Looking at the ceiling, I shook my head incredulity. I’d been so flustered that I’d forgotten Wade still had one of my grocery bags. I sighed again, deeper this time, and set the rest of the bags down in the living room entry before opening the door.

Wade stood on my front porch, the bag in his arms and an entertained grin on his face. He held it out to me, and I fought a smile as I accepted it. I felt like an idiot, and he seemed to inherently know how flustered I was.

His smile brightened, doing little to ease the reckless pattering of my heart. I set the bag down beside the door and straightened, searching for something to say.

I felt like I was in high school again, all fluttery and jittery.

Mila paused by the doorway, holding her sleepy little hedgehog, Pickle, in her hands. “Are you our new neighbour?”

“Yes, I am. I’m Wade,” he answered. “What’s your name?”

“Mila,” she answered, somewhat shyly. She bowed her head and peered up at him with soft green eyes—so like her father’s. The rest of her was a carbon copy of me—dark hair, olive skin. She looked almost identical to how I’d looked at that age.

“That’s a cool hedgehog you got there. What’s his name?”

“Pickle,” she replied, glancing down at the critter in her hand. Pickle had been a compromise. Mila had wanted a puppy, but I worked too much to train it, and I couldn’t count on Brad’s help. “Do you have any kids?” she questioned, peering up at him as if impatient for his answer.

“Nope, no kids for me,” he laughed lightly, scratching at the back of his neck. As he said it, his eyes flitted to mine.

“That’s too bad,” Mila sighed deeply, sounding every bit as disappointed as she felt. She’d been looking forward to the possibility that the new tenant would have kids, even though I’d warned her it was unlikely.

“I do have a couple of nieces, though,” Wade remarked, his eyes going to me. “Ariana is six and Matilda is three.”

“Are they going to come and visit?” Mila’s eyes danced with excitement. My sociable little daughter loved making new friends.
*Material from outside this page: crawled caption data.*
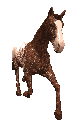 horse, frame 1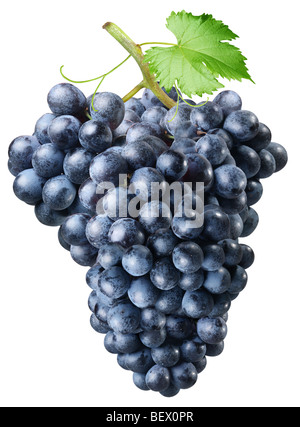 Grappolo di uva su sfondo bianco Foto Stock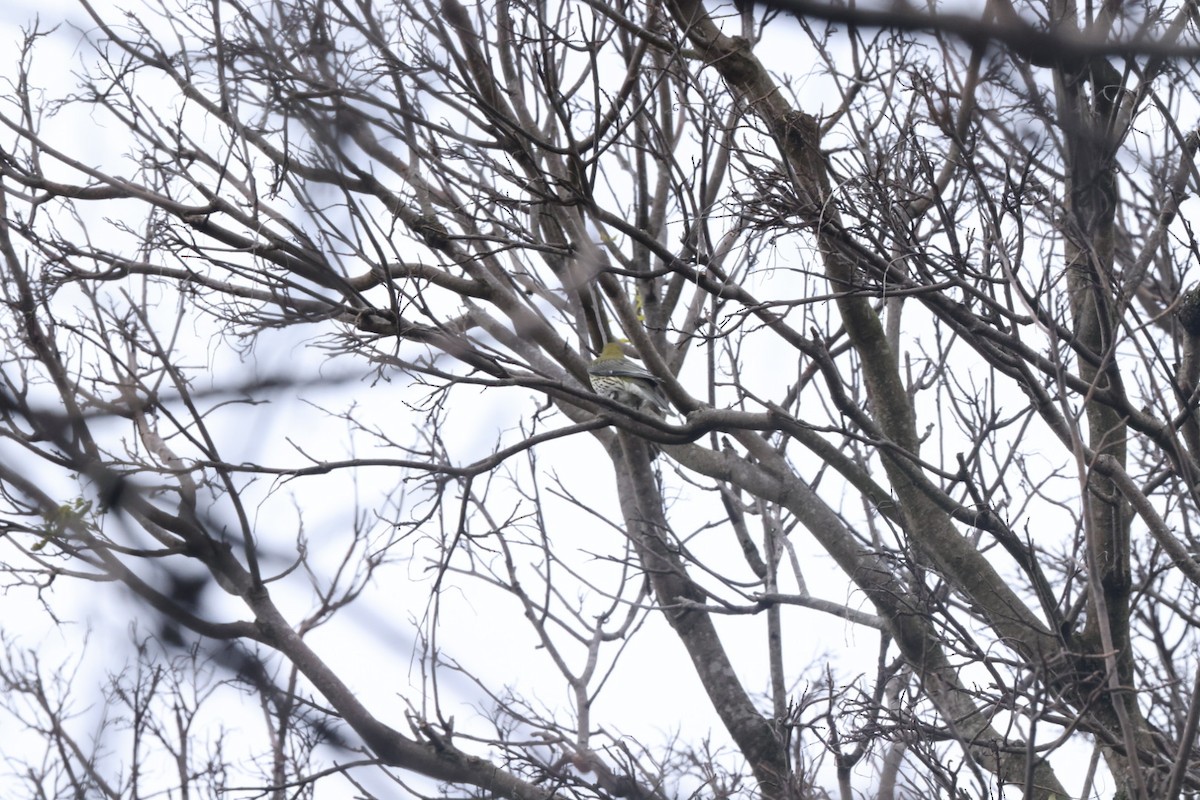 Olive-backed Oriole - ML620437622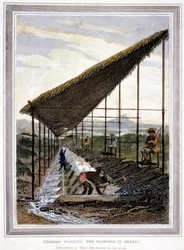 Esclavos lavando diamantes vigilados por supervisores con látigos, Brasil, 1815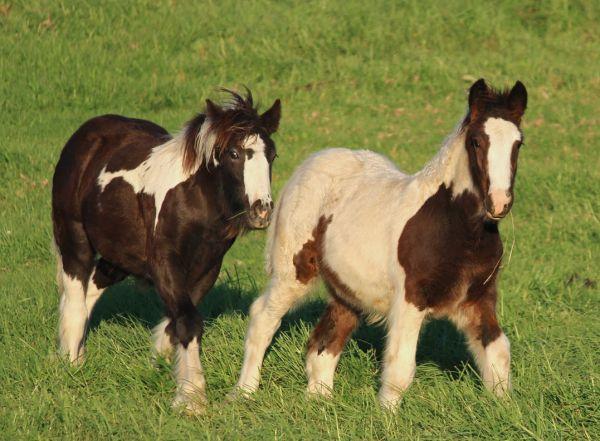 gypsy vanner fillies for sale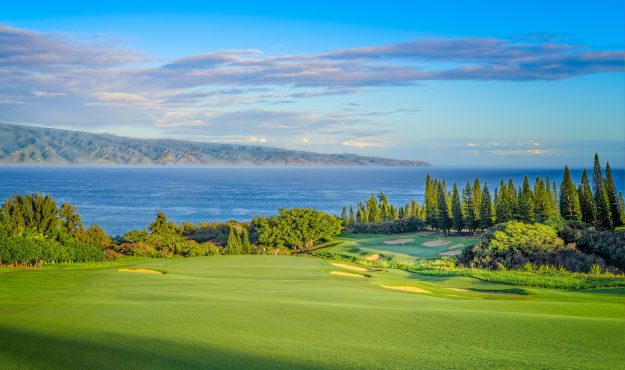 Troon's golf course agronomy services keeps Kapalua in top form.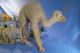 Großes Kamel Von Steiff,  B,  32 Cm / Steiff Camel,  32 Cm Steiff Bild 3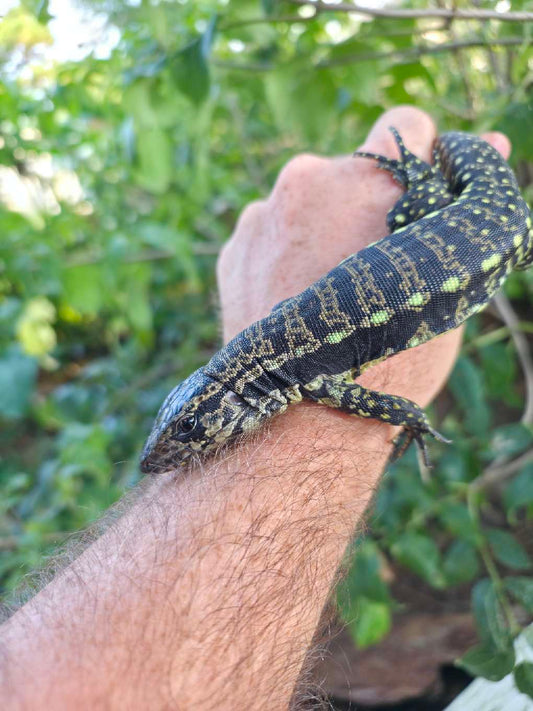 Female Blue Tegu- Legacy  X Stormy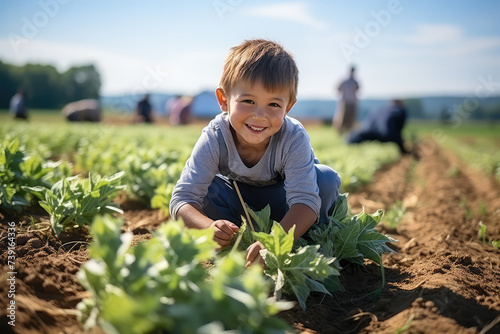 Boy on a soybeans field 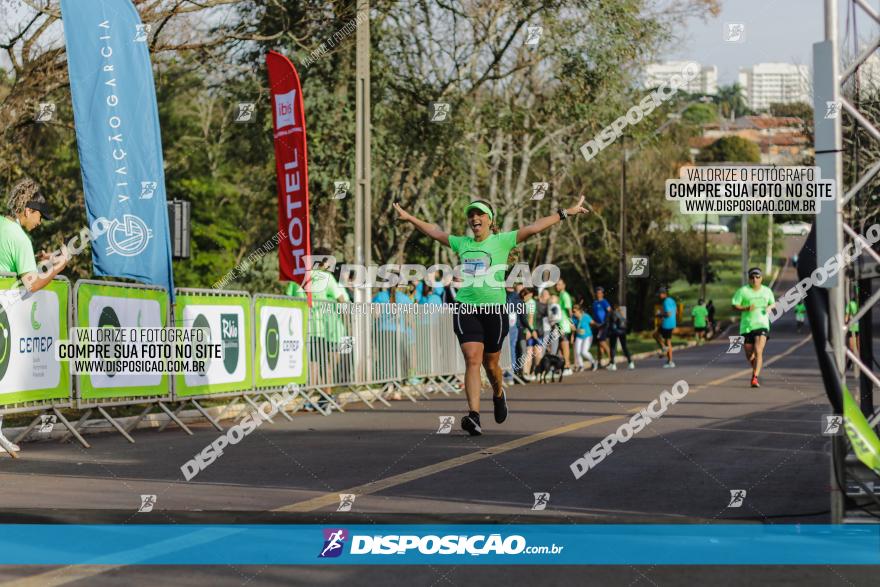 Brasil Corridas - Run 15km - Londrina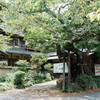 緑陰に佇む木造建築
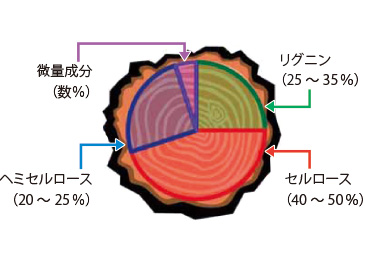 木材の成分構成比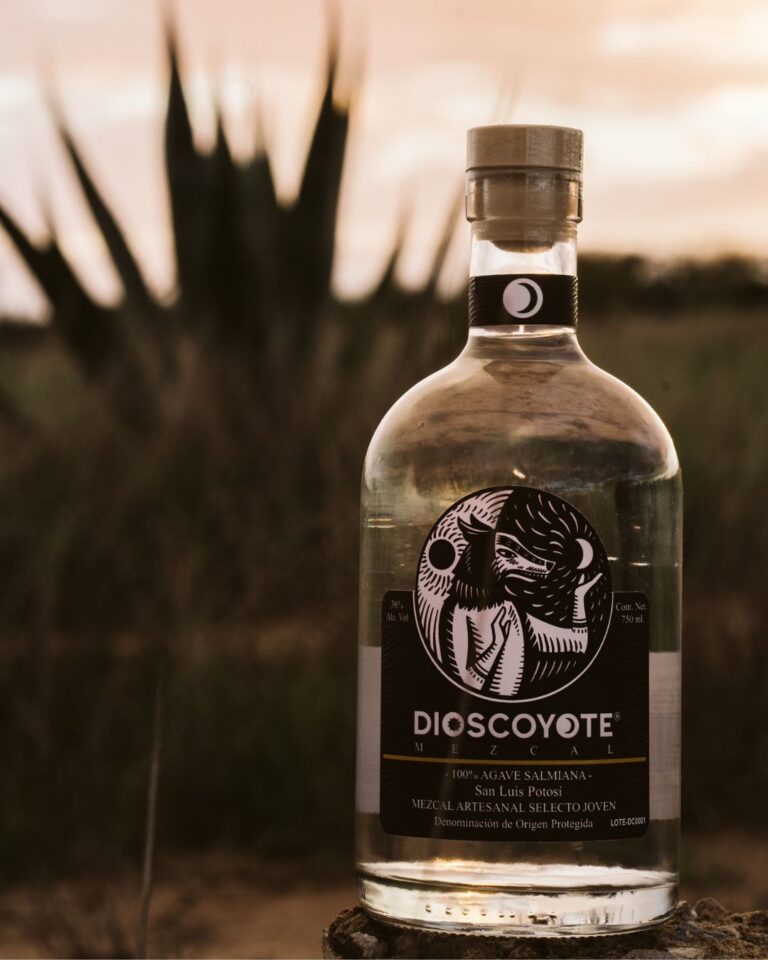 dios_coyote_5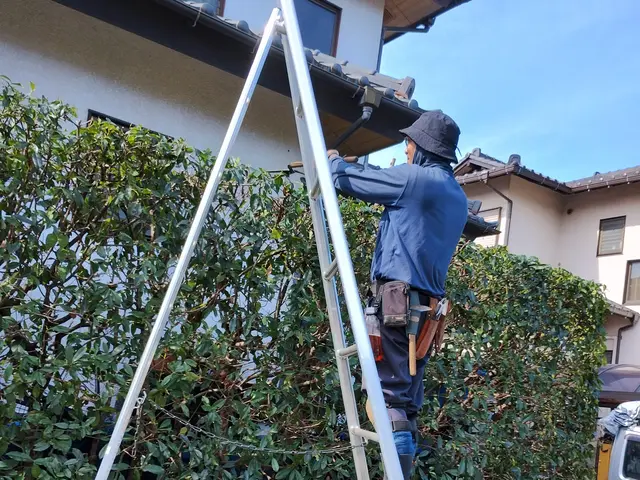 植え込み・生垣の剪定サービスの画像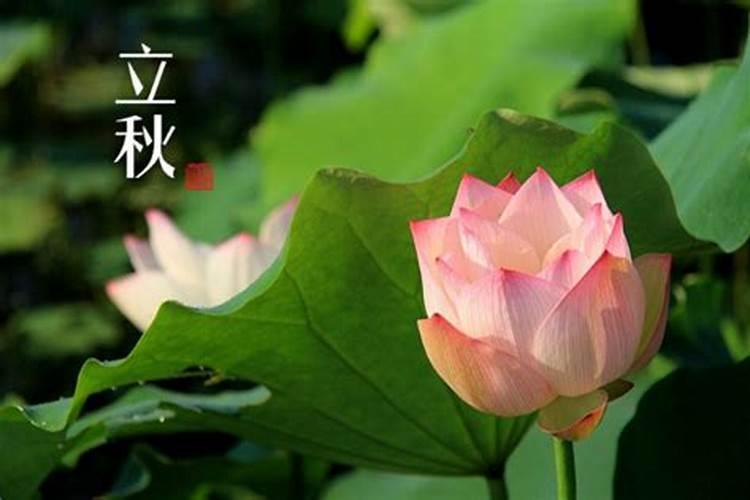 在给作物使用钙肥时,都有哪些误区需要避开？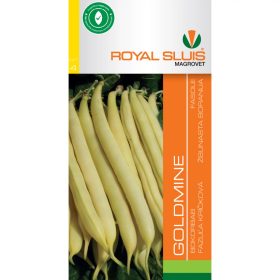 Seed Royal IV. categoria Fasole/ Mina de aur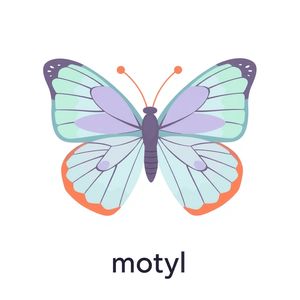 Karta: motyl (flashcard)
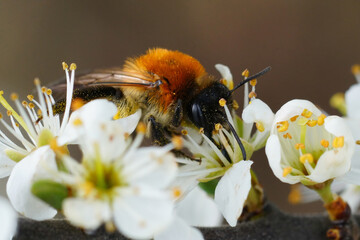 Closeup on a colorful female Grey-patched mining bee, Andrena nitida on a white blackthorn flower , Prunus spinosa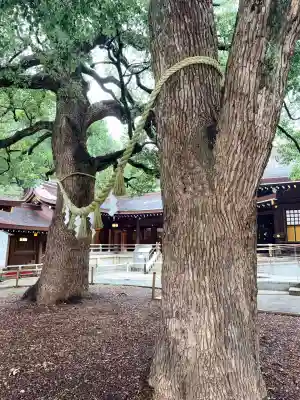 明治神宮(東京都)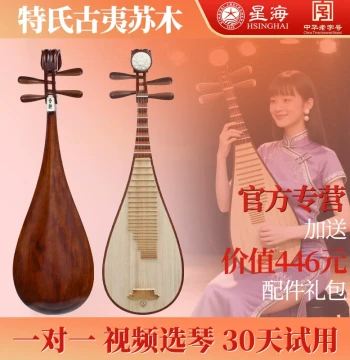 [Video Selection & 30-Day Trial] Xinghai Professional Grade Pipa Made of Dalbergia Fusca Wood, Model 8913 for Adults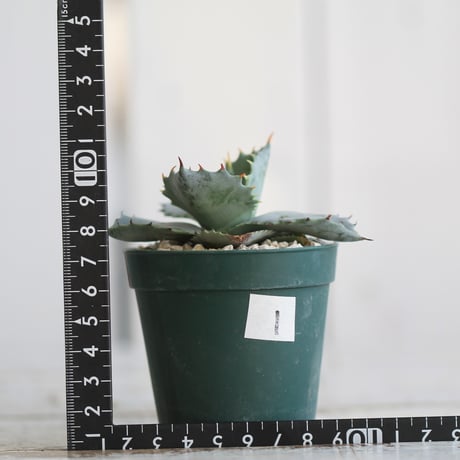 アガベ　イシスメンシス　カブトガニ　広葉
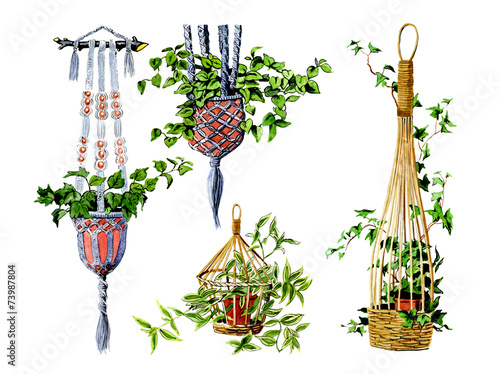 Basket mounting. Botany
Most of the people who lived on our street were older with grown up children, so Mila didn’t get to play with neighbourhood kids the way her cousins did. “If they do, can I show them the park? Please, Mama?” she added, practically bouncing from heel to heel.

“Mila, how about we let Mr. Katsaros get moved in before we interrogate him about his nieces?” I interrupted, giving her a pointed look.

“Okay,” she sighed heavily, as if I was asking a lot of her. “It was nice meeting you,” she added politely before walking back down the hall to her bedroom, leaving Wade and I standing in awkward limbo.

“Cute kid,” he said, looking at me. “She looks like you.”

My heart stuttered at his words, and I smiled. “Thank you.”

“Yeah, sure. It was nice meeting you guys.”

“You too,” I replied, pursing my lips to keep my smile from stretching.

The way he looked at me sent a pulsing ache directly between my thighs. Another charged moment passed, and he cleared his throat. “See you around, AJ.”

I closed the door and pressed my head against the wood, giving myself a moment to recover from the vexing encounter. I felt inconstant, as if I was teetering on the edge of something momentous.